Directions: The records below are to be copied exactly, with every picture left out.

(Stored dataset items)
+ + + + +

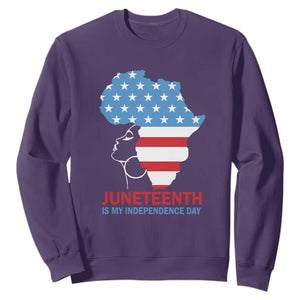 4th Of July Juneteenth Juneteenth Is My Independence Day Sweatshirt For African Woman TS01 Purple Printyourwear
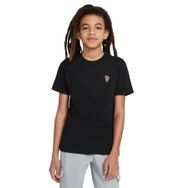Qivi Baykuş Sevimli Baykuş Yeşil Ve Siyah Gömlekli Göğüs Baskılı Unisex Çocuk Siyah T-shirt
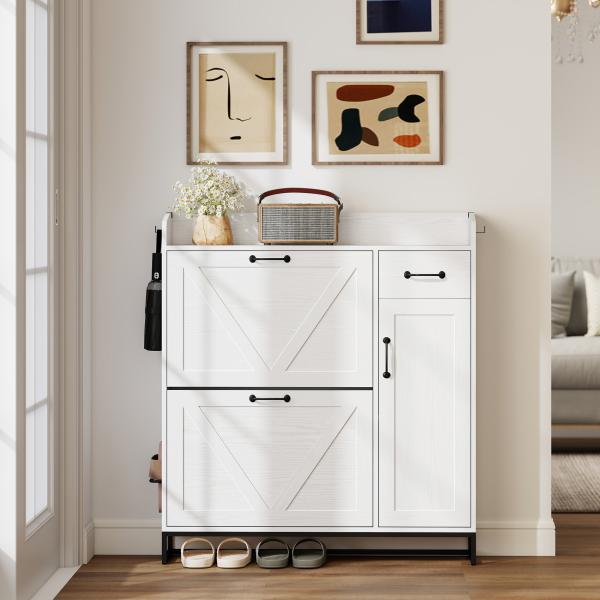 Sapateira Estreito com 2 Compartimentos Rebatíveis Prateleiras Ajustáveis para 12 Pares para Espaços Pequenos 106,7x26x116cm Branco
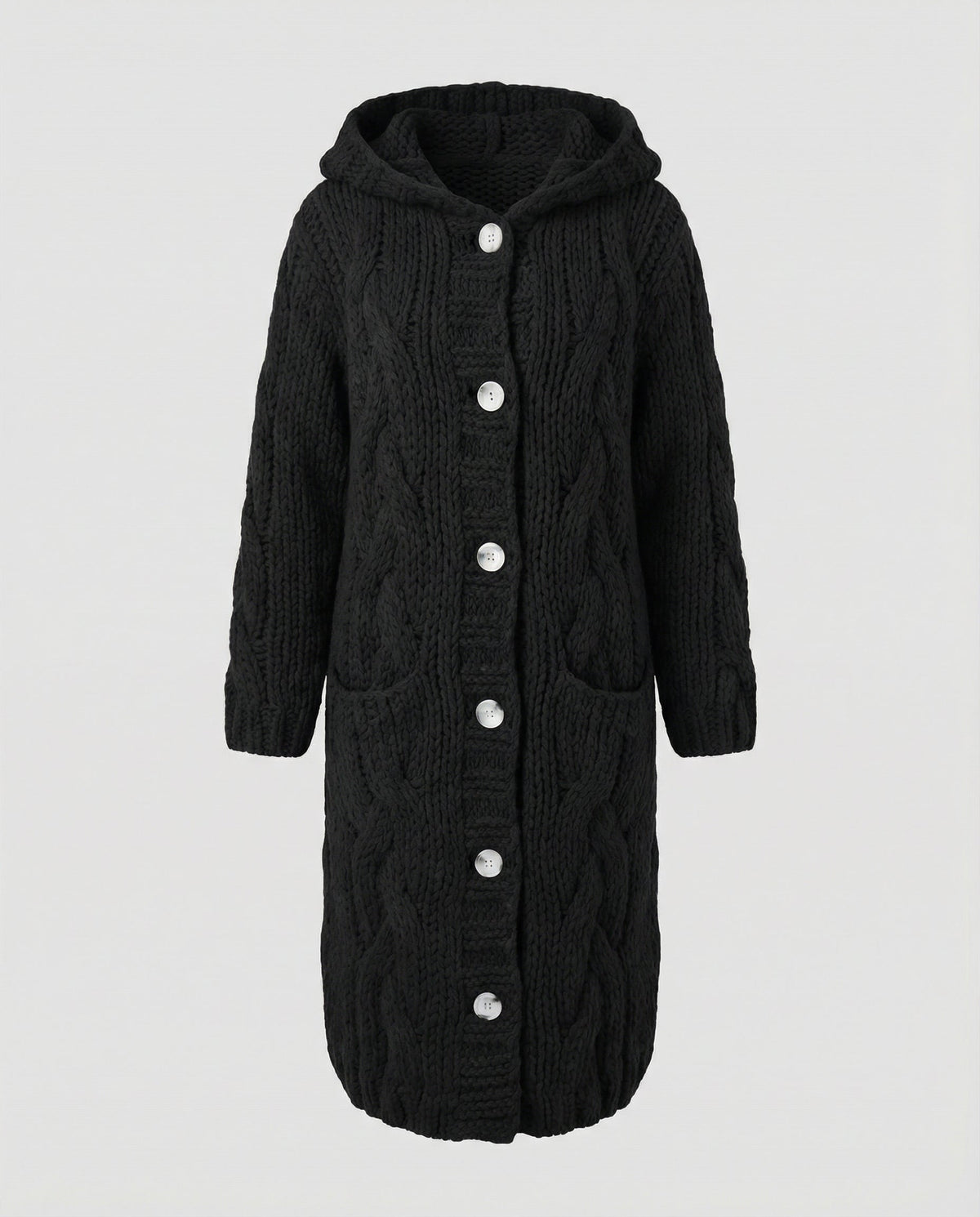 Long Hooded Cardigan Women Chunky Knit - View 6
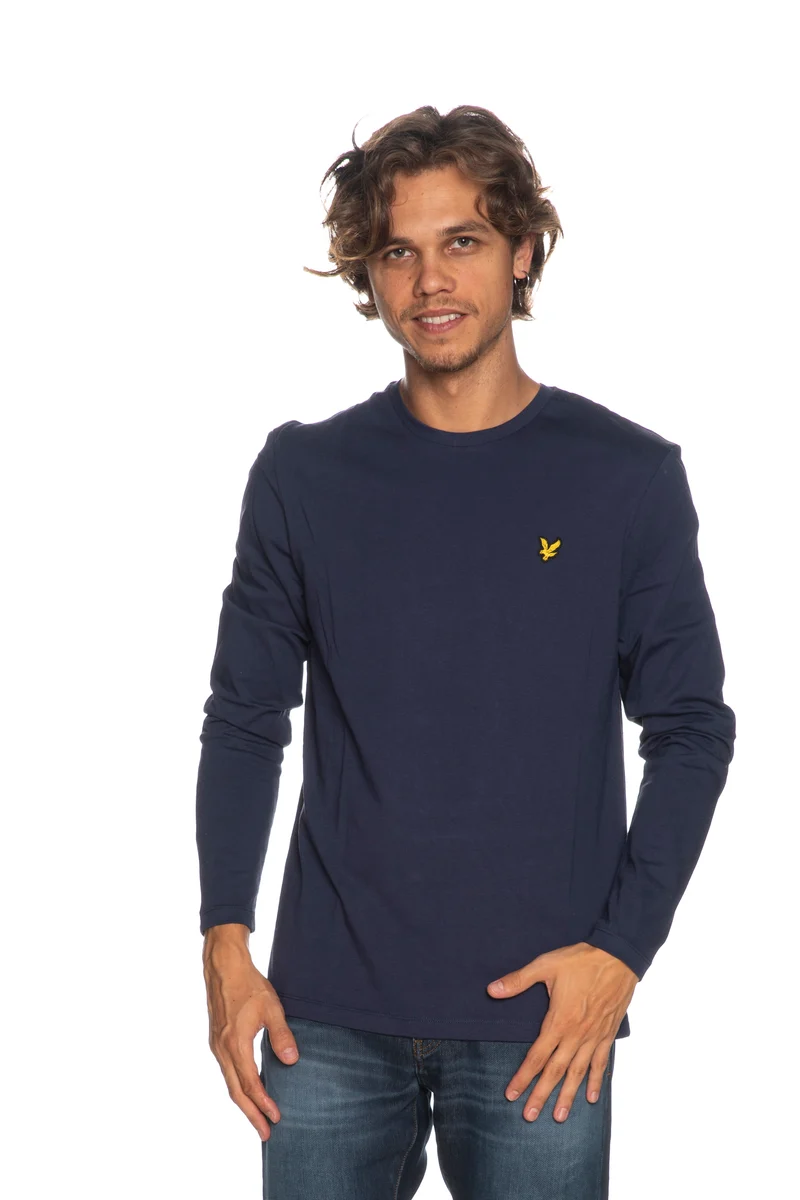 T Shirt Lyle & Scott Plain Ls Da Uomo Blu Navy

+ + + + +

Result below:
 4th Of July Juneteenth Juneteenth Is My Independence Day Sweatshirt For African Woman TS01 Purple Printyourwear
Qivi Baykuş Sevimli Baykuş Yeşil Ve Siyah Gömlekli Göğüs Baskılı Unisex Çocuk Siyah T-shirt
 Sapateira Estreito com 2 Compartimentos Rebatíveis Prateleiras Ajustáveis para 12 Pares para Espaços Pequenos 106,7x26x116cm Branco
 Long Hooded Cardigan Women Chunky Knit - View 6
 T Shirt Lyle & Scott Plain Ls Da Uomo Blu Navy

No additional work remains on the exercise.